Notemos, en cuarto lugar, cuan propio es que los
cristianos confiesen ante los hombres el beneficio que de Cristo reciben. Vemos
que no se le permitió a esta mujer
retornar a su casa, así que estuvo curada, sin que publicara su cura. Nuestro
Señor averiguó quien lo había tocado, y "miró en torno suyo para ver a
la que lo había hecho". No hay duda
que sabía perfectamente el nombre y la historia de aquella mujer, no necesitaba
que nadie se lo dijese; pero quería enseñarle
a ella y a todos los que lo rodaban, que las almas curadas deben
reconocer en público las mercedes recibidas.
Esta es una
lección que harían bien en recordar a todos los verdaderos cristianos. No
avergoncemos de confesar a Cristo ante los hombres, y de que otros sepan lo que ha hecho por nuestras almas. Si
hemos encontrado paz por medio de su sangre y hemos sido renovados por su
Espíritu, no debemos evitar confesarlo
en todas ocasiones. No es
necesario anunciarlo a son de trompeta por las calles, y obligar a todo el
mundo a escuchar nuestra historia. Lo que se requiere de nosotros es la voluntad de
reconocer a Cristo por nuestro Maestro, sin temer el ridículo o la persecución
que esa confesión pudiera acarrearnos. No
se exige más de nosotros; pero no debemos contentarnos con menos. Si nos
avergonzamos de Jesucristo ante los hombres, El se avergonzará un día de nosotros ante su Padre y los ángeles.

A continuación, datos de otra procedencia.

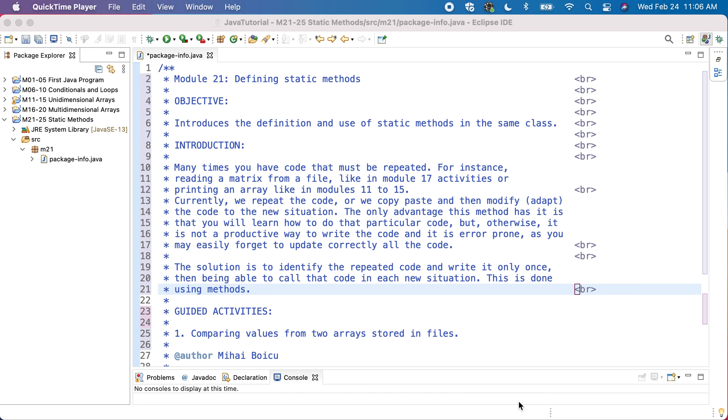So in this module we will start with a guided activity in which we will compare values from two arrays, and the arrays are stored in the file. Because we need to do operations with two arrays, we try to optimize the way in which we process these arrays using methods.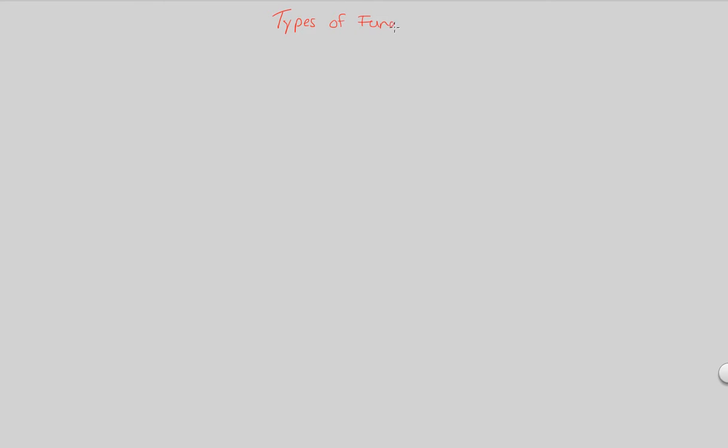We're going to entitle this first flowchart on the types of fungi as that exactly: Types of Fungi, Roman numeral 1. And just to remind you, there are five total types of fungi to remember. We're going to be covering four of them. The fifth will be covered in the second part to this types of fungi flowchart series.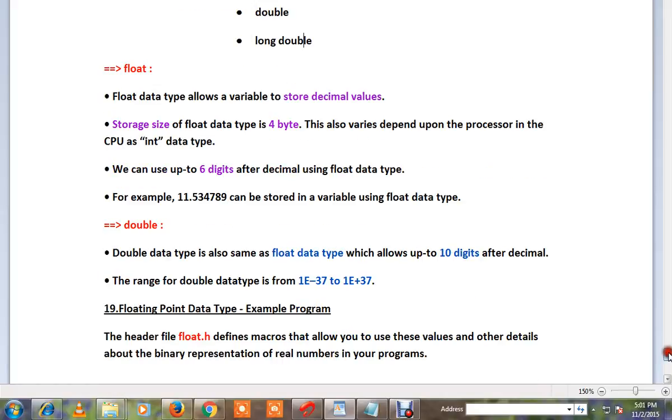Float — the Float data type is used to store decimal values. Storage size is 4 bytes.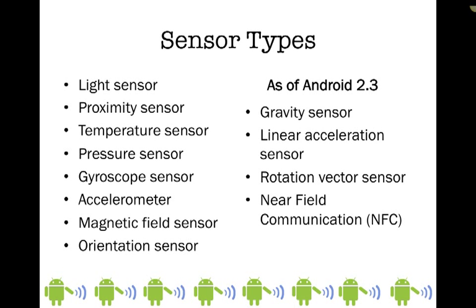This is a listing of the different sensor types. There are a variety of different ones: light sensors, proximity, temperature, pressure, gyroscope, accelerometer. The column on the right has a listing of some sensors available as of Android 2.3.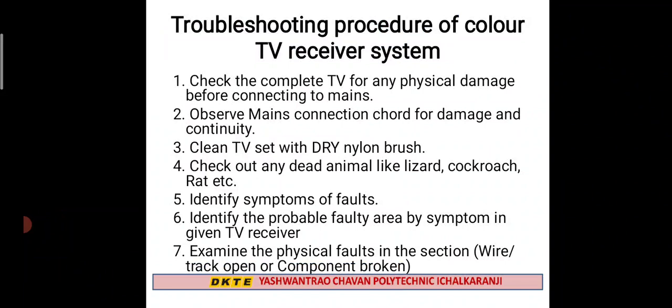Step six: Examine the physical faults in the section — wire track open, component broken. Check physically whether wires are properly connected, whether any wire has come loose, whether any PCB track has opened, or whether any component has broken.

Notemos, en último lugar, que gracia tan preciosa es
la fe. "Hija" dice Nuevo Testamento Señor a la mujer curada, "tu
fe te ha sanado; vete en paz.
De todas las gracias cristianas, ninguna se menciona
tanto en el Nuevo Testamento como la fe, y ninguna es tan altamente
recomendada. Ninguna otra gracia redunda
tanto en Gloria de Cristo. La esperanza despierta un ardiente anhelo de las
cosas buenas que han de venir; el amor forma un corazón lleno de ardor y voluntad; la fe trae las manos vacías, todo
lo recibe, y nada puede dar en retorno. Ninguna gracia es tan importante para
el alma del cristiano. Principiamos por
la fe, por la fe vivimos, en la fe nos apoyamos; caminamos por la fe y
no por la vista; por la fe vencemos; por la fe logramos paz; por la fe
descansamos.
Ninguna gracia debería ser para nosotros asunto de
más meditaciones. Deberíamos preguntarnos con frecuencia "creo
realmente" ¿Es mi fe verdadera, genuina,
don de Dios.
No descansemos hasta no responder satisfactoriamente
estas preguntas. Cristo no ha cambiado después del día en que la mujer fue
curada, es aún benigno y poderoso para
salvarnos. Solo necesitamos hacer una cosa, si queremos salvarnos: la mano de
la fe, toquemos con ella a Jesús y nos sanará.